Nuisance or Problem Dogs
Nuisance or problem dogs are dealt with according to the NSW Companion Animals Act.
If you are having problems because of excessive barking or wandering dogs you can contact Council's Ranger during normal business hours using the contact details below.
Council suggests however that you first approach the owner of the dog, as he or she may not be aware that the nuisance exists. In most cases owners want to do the right thing and will co-operate. If unsuccessful, Council's Ranger will investigate the problem and take appropriate action.
Dogs bark for a number of reasons, however regardless of the cause, it results in a nuisance to the neighbours and usually has a serious effect on the quality of life for those affected, that is the comfort ofpeople living in the vicinity of the dog. Barking is one of the ways in which a dog communicates. In some instances, constant barking may indicate a problem with a dogs health or happiness.
If your dog is a constant barker, you should consult your local vet.
Exercise alone will not stop a dog from barking, but it may provide an active release for its energy. Obedience training also allows the opportunity of socialisation with other dogs and people, which is an important element in a dog's life.
What is a Nuisance Dog?
A nuisance dog is one that:
- is habitually at large (i.e. roaming); or
- makes a noise, by barking, etc, that persistently occurs or continues to such a degree or extent that it unreasonably interferes with the peace, comfort or convenience of any person in any other premises; or
- repeatedly defecates on property outside the property on which it is ordinarily kept; or
- repeatedly runs at or chases any person, animal (other than vermin) or vehicle; or
- endangers the health of any person or animal (other than vermin); or
- repeatedly causes substantial damage to anything outside the property on which it is ordinarily kept.
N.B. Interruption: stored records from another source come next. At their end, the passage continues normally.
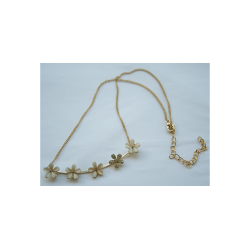 Halskde kort guld belagt krystal opal blomster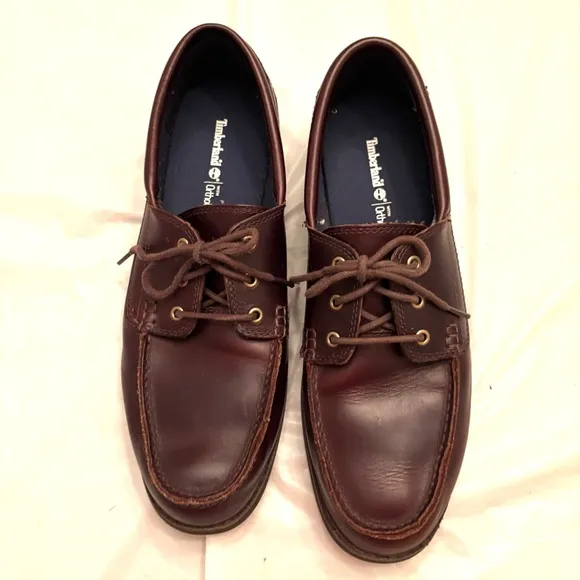 Timberland Brown leather boat shoes loafers with Ortholite SZ 10 NWOT
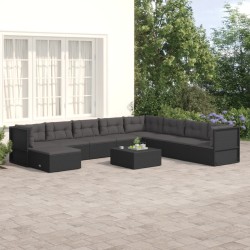vidaXL Set de muebles de jardín 9 pzas y cojines ratán sintético negro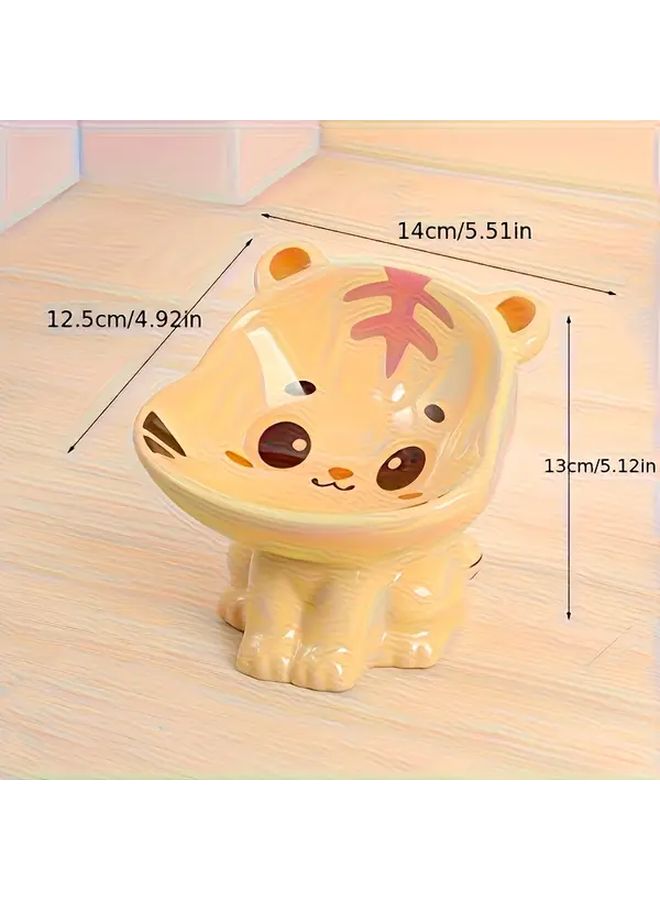 Ceramic Cat Bowl With Tiger Shaped Dish Elevated Design Ergonomic Neck For Feeding Cute Animal Food And Water Dish For Kittens Joint Health Durable Ceramic Plate Cat Feeding Station Raised Cat Bowl Kitten Supplies Cat Dishes For Food And Water Cat Enrichment Cat Feeders Indoor Cat Supplies - Image 3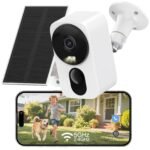 Heyall 2.4G/5G WiFi 6 Wireless Outdoor/Indoor Security Camera, Solar Powered 2.5K 4MP, Cloud/SD Storage, Color Night Vision, AI Human Detection, Spotlight & Siren, 2-Way Talk, Dual Band, IP65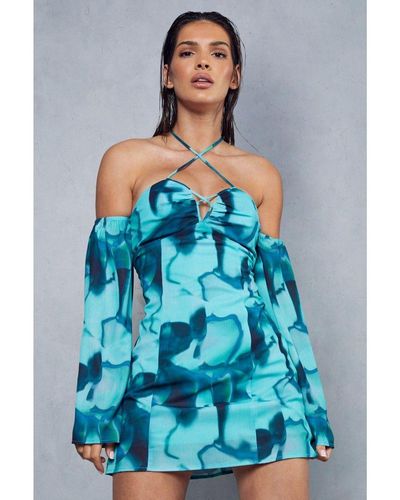 MissPap Abstract Print Halterneck Flare Sleeve Mini Dress - Blue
What can Council do about Nuisance Dogs?
If the Council's Ranger or other authorised officer/s of Council is satisfied that a dog is a nuisance, the officer can issue an order to the owner of the dog requiring the owner to prevent the behaviour that is alleged to constitute the nuisance. For this to occur incidents must be reported to the Council by the person who believes a dog is a nuisance as soon as possible so that it may be investigated. A report will not necessarily result in an order being issued, as additional evidence over a period of time may be required to demonstrate the nuisance is not a one-off occurrence. Failure to comply with an order may result in fines and/or summons to court.